Hi all, I'm new to working in a colour managed workflow and haven't found a straight answer to this question. I'm looking to send 8-bit TIFF files to a professional print house and they require that files have the Adobe 1998 RGB profile embedded.

I'm editing RAW files for printing and it looks like there are three places I can potentially add this profile:

  1. As the output profile from the develop persona when editing the RAW
  2. Assigning/converting the document during editing after RAW developing
  3. On export by embedding the profile in the export dialogue

The question I can't find an answer to is whether I need to use this profile all the way through my workflow from step 1, or can I just use whatever the defaults are and embed it at export without bad things happening? Export doesn't have an assignment/convert option so it's not entirely clear what impact embedding a different profile at the export step actually has.

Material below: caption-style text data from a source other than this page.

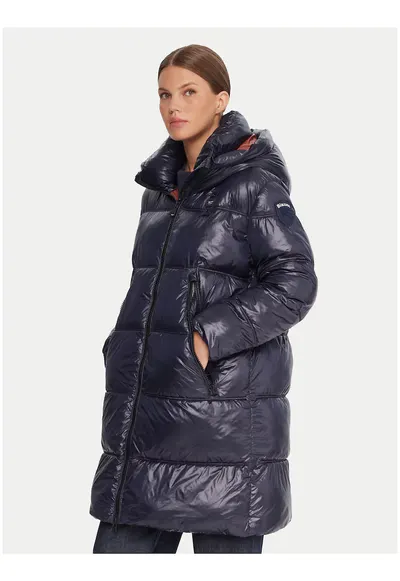 Geaca de iarna dama - albastru - poliamida - regular fit - fermoar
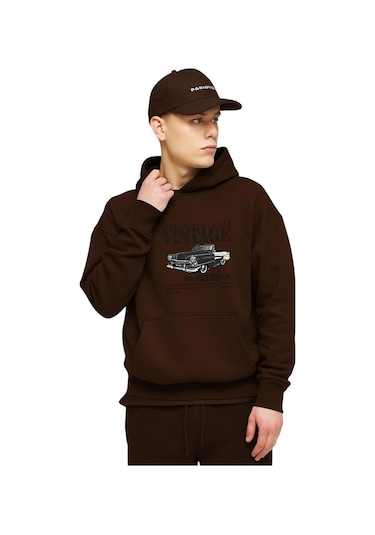 Vintage Baskılı Sweatshırt Kahverengi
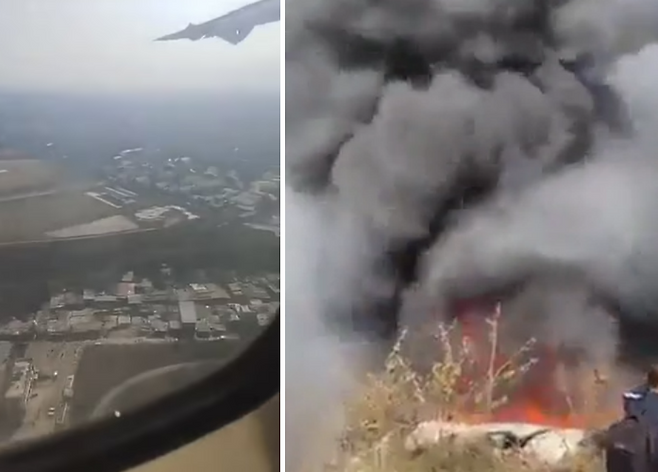 네팔 포카라에서 지난 15일(이하 현지시간) 승무원 포함 총 72명을 태운 여객기의 추락 사고가 발생했다. 사진 왼쪽은 사고 직전 기내에서 촬영한 영상 캡처, 오른쪽은 사고 직후 화재 현장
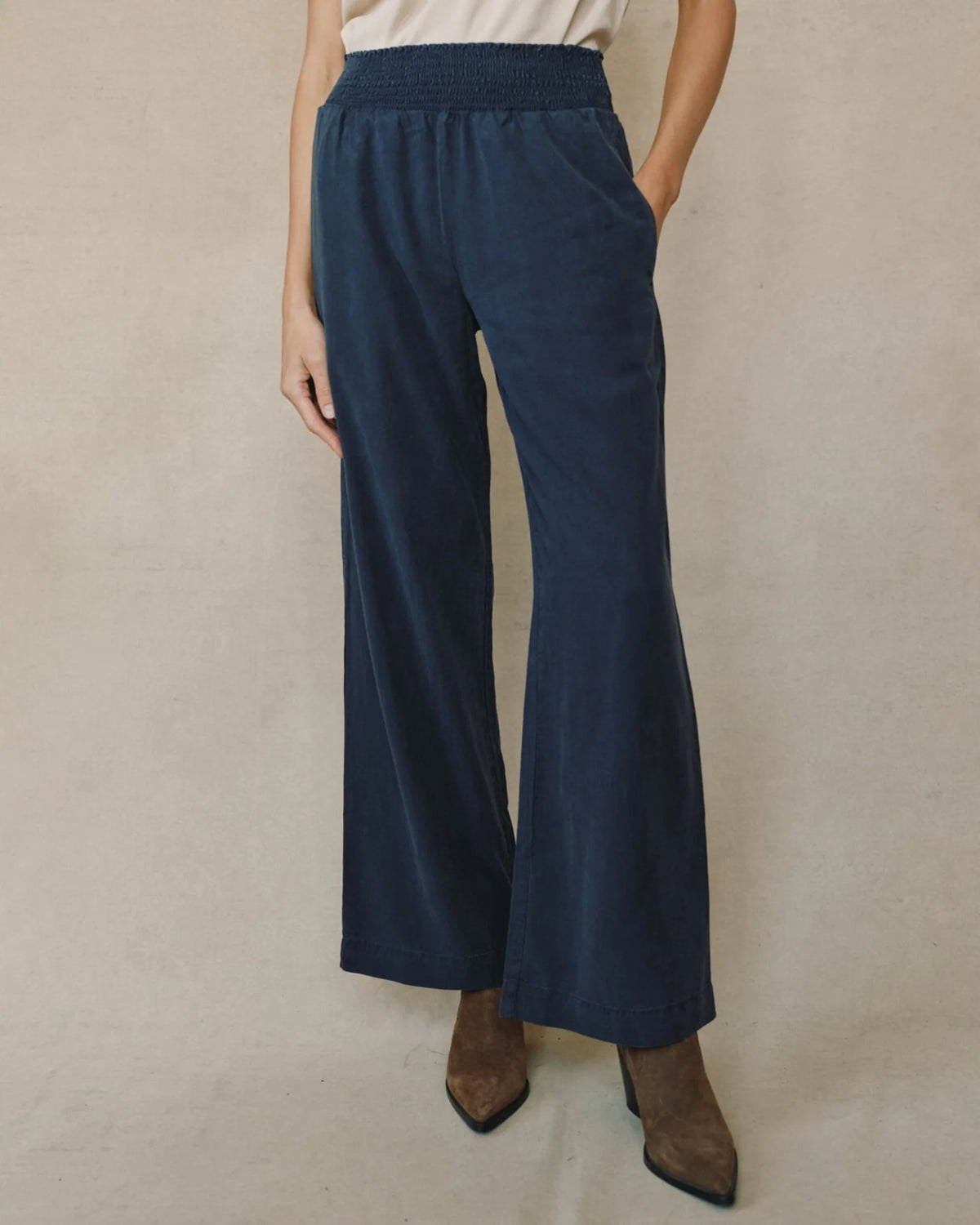 Bella Dahl Smocked Waist Wide Leg Pant
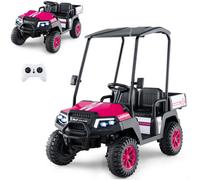 Costway 24V 7Ah Kids Golf Cart 4Wd 2 Seater Ride On Car W/sun Shade-Pink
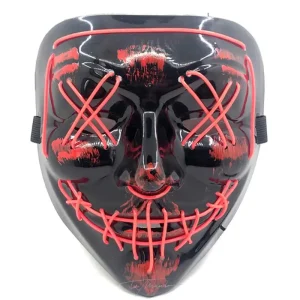 Máscara Plástica The Purge com Led – Vermelha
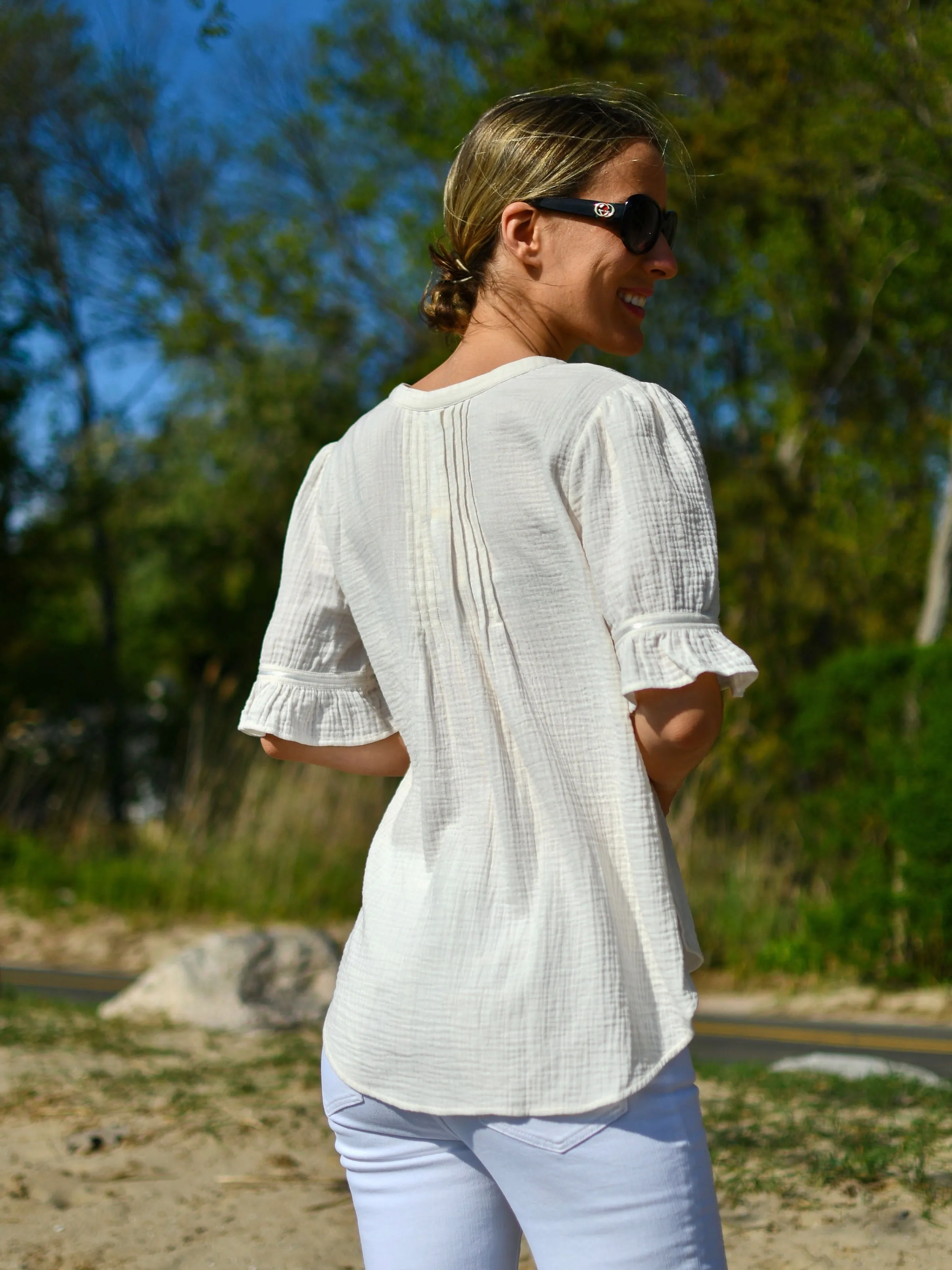 Bali Ivory Gauze Blouse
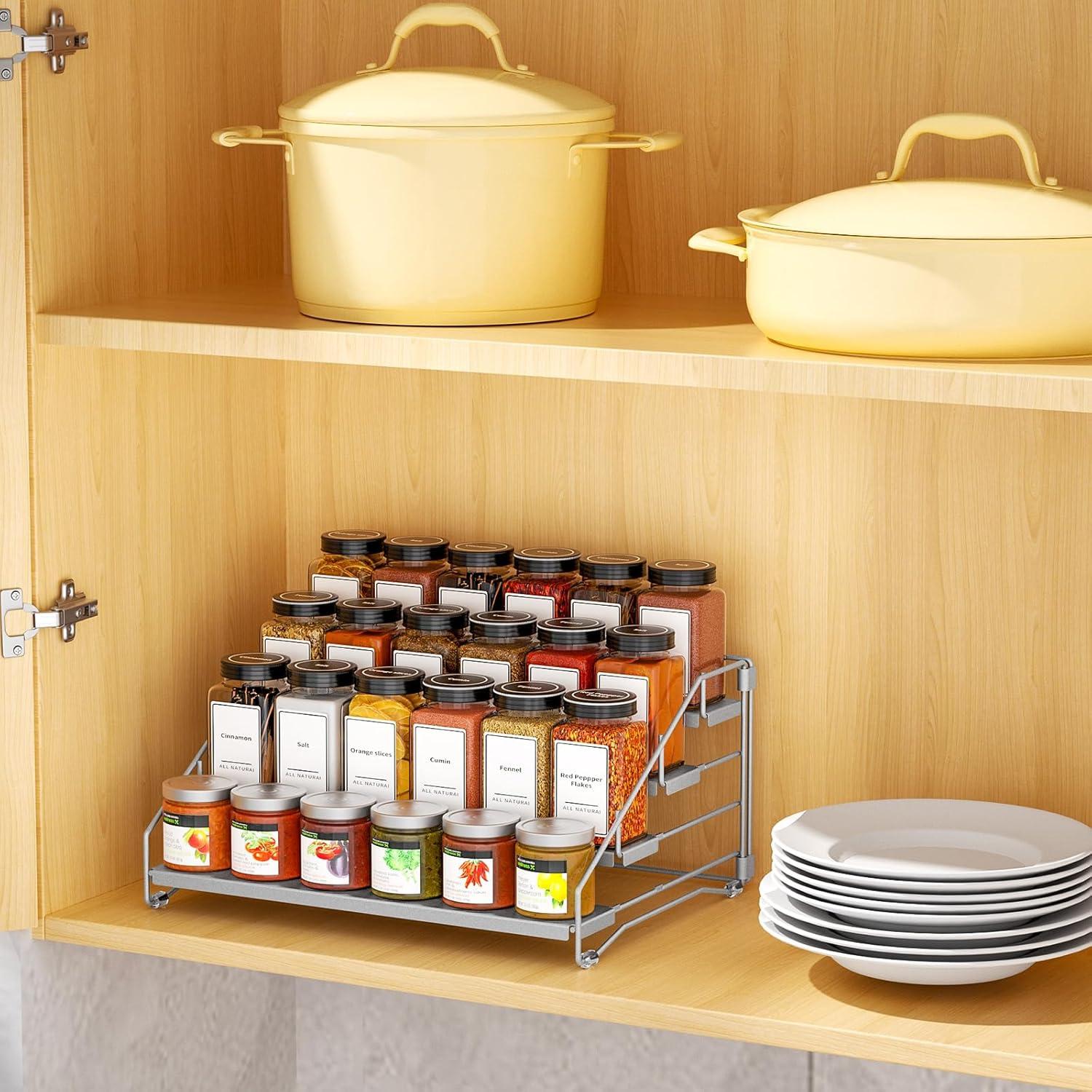 Estante de Especias 4 Niveles BOIVSHI Metal Gris Ajustable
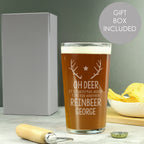 Personalised Time For A Reinbeer Pint Glass for Christmas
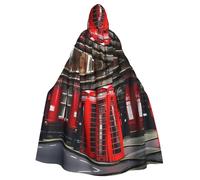 IPPONGET Phone Booth London Street Print Unisexe pleine longueur à capuche effrayant Halloween Costume accessoire médiéval sorcière vampire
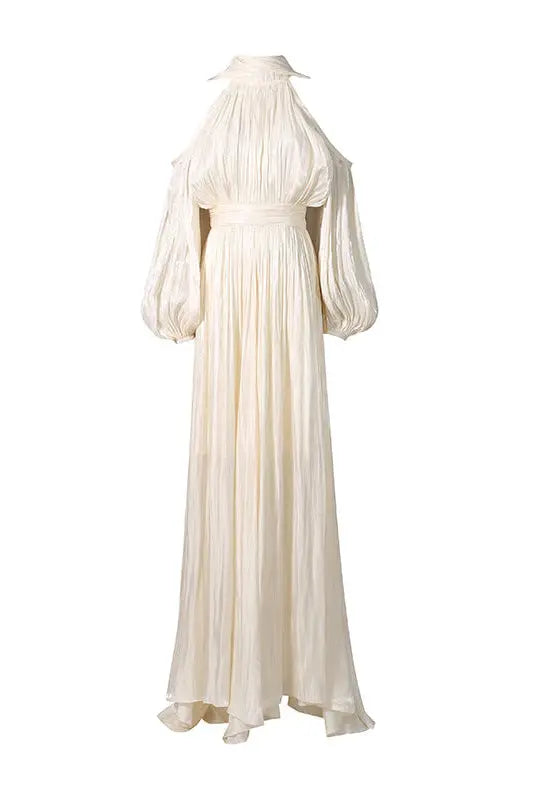 Off Shoulder Puff Sleeve Maxi Dress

As seems common the print house's help info is all based on Adobe products and isn't very helpful for anyone not using them unfortunately.

 

 

Posted (edited)
32 minutes ago, Morat said:

As seems common the print house's help info is all based on Adobe products and isn't very helpful for anyone not using them unfortunately.

I think that the methodology of the correct use of ICC profiles is quite general - for any workflow, not dependent on any specific product. On specific application can depend only where (in which dialog) the respective profile is set. So if you have any recommendations from the printer that relate to your questions (ICC in develop/edit/export), apply them to Affinity as well.

P.S. You might be interested in this document.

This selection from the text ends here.